Tuesday, April 24, 2018

Talking Tribeca: O.G.

I’ve had the pleasure this year of screening a number of selections from this year’s Tribeca Film Festival, which takes place April 18th-29th.

Directed by Madeleine Sackler
U.S. Narrative Competition

Any time spent in prison is likely to change a person, even if it’s just a short stay. For those incarcerated for multiple decades, the effects are considerably more intense and may present someone completely unlike the person who first went into the system. Returning to life without the same restrictions on personal space and behavior can be especially jarring for those who have spent years behind bars, and the run-up to an anticipated release is a time fraught with excitement and positivity but also uncertainty about what comes next.

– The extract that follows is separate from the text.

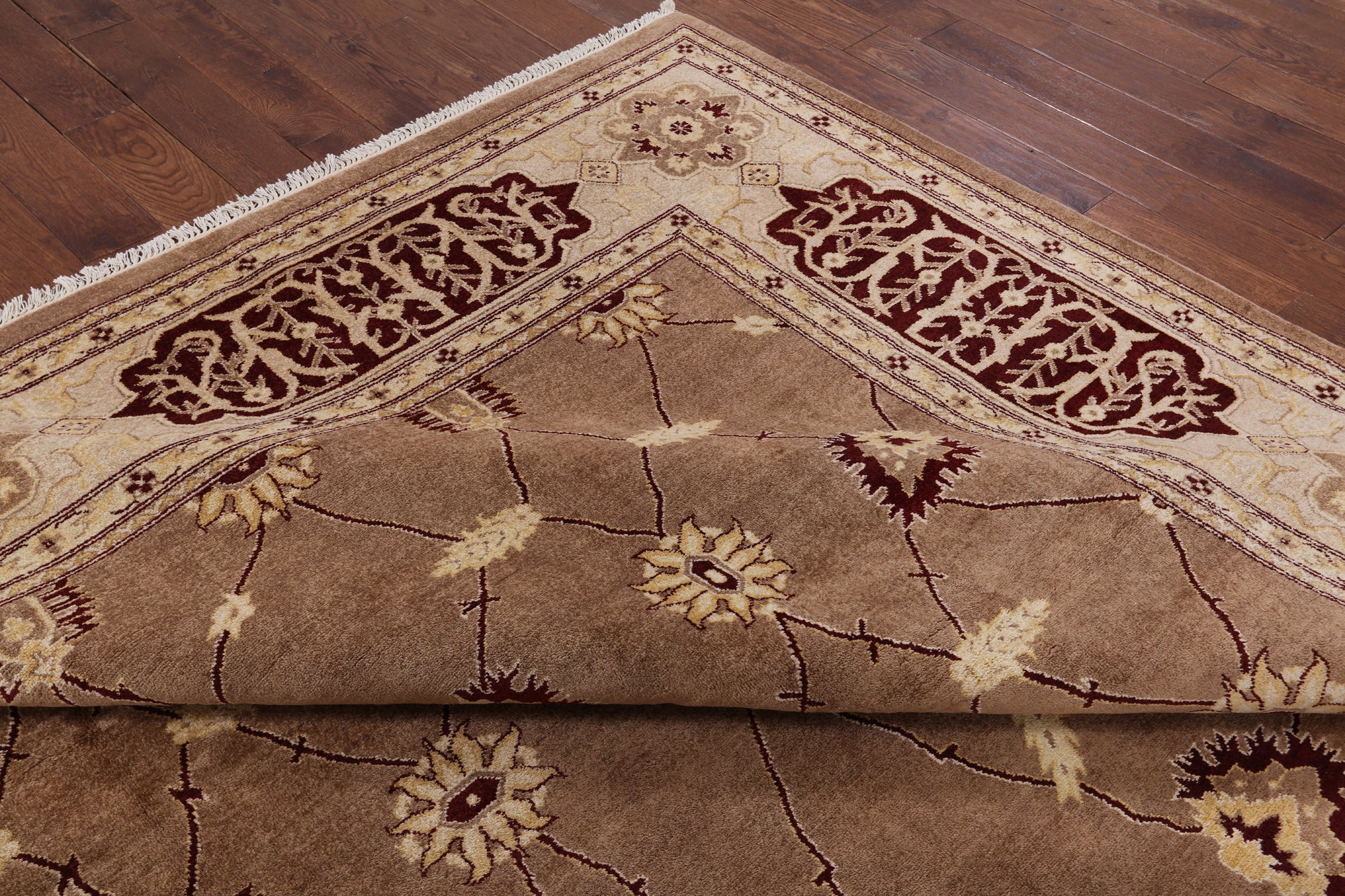 Peshawar Handmade Wool Rug - 10' 1" X 14' 4" - Golden Nile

Louis (Jeffrey Wright) is a very affable inmate at a maximum-security prison who gets along well with the guards and is afforded a certain respect from other inmates. Earlier in his twenty-four-year sentence, Louis ran the prison, but now he has moved past that to keep to himself and focus on his future. As his release date nears, Louis is forced to confront the man he has become as he meets a young new inmate, Beech (Theothus Carter) who he fears may go down the wrong path, is pressed by a prison investigator, Danvers (William Fichtner), to report on illicit goings-on at the prison, and comes face-to-face with a relative of the man he killed as part of a restorative justice program.

There are so many prison movies that have been made, and one of the most iconic and famous ones, “The Shawshank Redemption,” was released right around when Louis would have started serving his time. This film succeeds at feeling fresh and important because it doesn’t dwell on predictable tropes of the genre and instead shows Louis as a relatively comfortable resident of his own cell who works in an auto body shop each day. He is so close to freedom yet it’s apparent he won’t be nearly as well set-up on the outside as he managed to make himself over many years in his current situation. His stature inside the prison is evident when Danvers describes their latest conversation as below their paygrades, to which Louis jokingly responds that they definitely make different salaries.

Wright is an incredible actor whose profile has been slowly building over the past few decades, winning accolades for “Angels in America” and his continuing role on “Westworld.” This performance is exceptional, anchoring the film and demonstrating just how at ease Wright is with any character, capable of capturing what it feels like to live in his skin. Carter makes an impressive debut, all the more astounding because of his status as an inmate of the prison where the film was shot. Documentarian Madeleine Sackler pulls off an extraordinary feat by filming the movie in a prison with real inmates and real guards, giving the film a definitive authenticity. Given its genre, it’s not quite as harrowing or miserable as it could be, and instead serves as a captivating but also mildly optimistic look at life behind bars and what comes next.